The Government has come under fire again over schools and playing fields after agreeing to relax rules on minimum outdoor space requirements for pupils.
The latest controversy raises further concerns about the legacy of the Olympics and involves rule changes on amounts of open space for each school. It follows anger triggered last week by recent cases of school playing fields being sold off.
The new regulations for schools in England, announced two weeks ago, state that "suitable" outdoor space must be provided to teach PE. Previous rules laid down set amounts such as 35,000 sq metres for schools with 600 pupils or more.
The Government said the old rules, due to be changed in October, were too specific and bureaucratic, while open spaces could include play areas and hard surfaces.
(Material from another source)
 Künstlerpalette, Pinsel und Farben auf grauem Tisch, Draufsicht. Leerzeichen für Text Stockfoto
Charity Fields in Trust, however, said the new rules were "woolly".
Chief executive Alison Moore-Gwyn said; "What’s 'suitable' is subjective and may lead to a postcode lottery depending on what a head teacher or education authority deems suitable.
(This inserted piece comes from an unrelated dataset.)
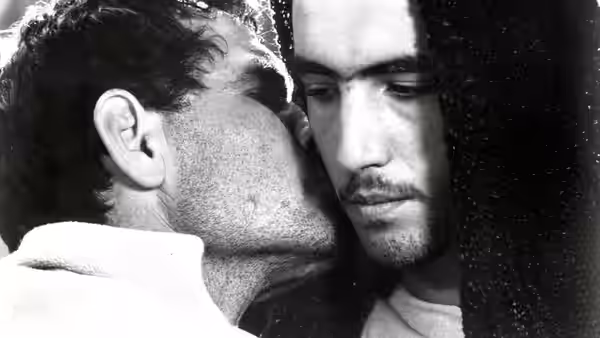 A bearded man whispers into Cristo's ear as Cristo looks down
"Following the glory of the Olympics and the government’s determination to create a sporting legacy, it is bewildering to consider new guidelines that refer to ‘appropriate arrangements’ or ‘suitable facilities’ – terms that are too open to interpretation."
A Department for Education spokeswoman countered: "By removing pages and pages of bureaucratic restrictions we will make it easier and cheaper to provide the extra school places this country needs so urgently.
"At present if an urban school wants to expand but does not have a set amount of outdoor space to meet a specific bureaucratic need it cannot take any more pupils."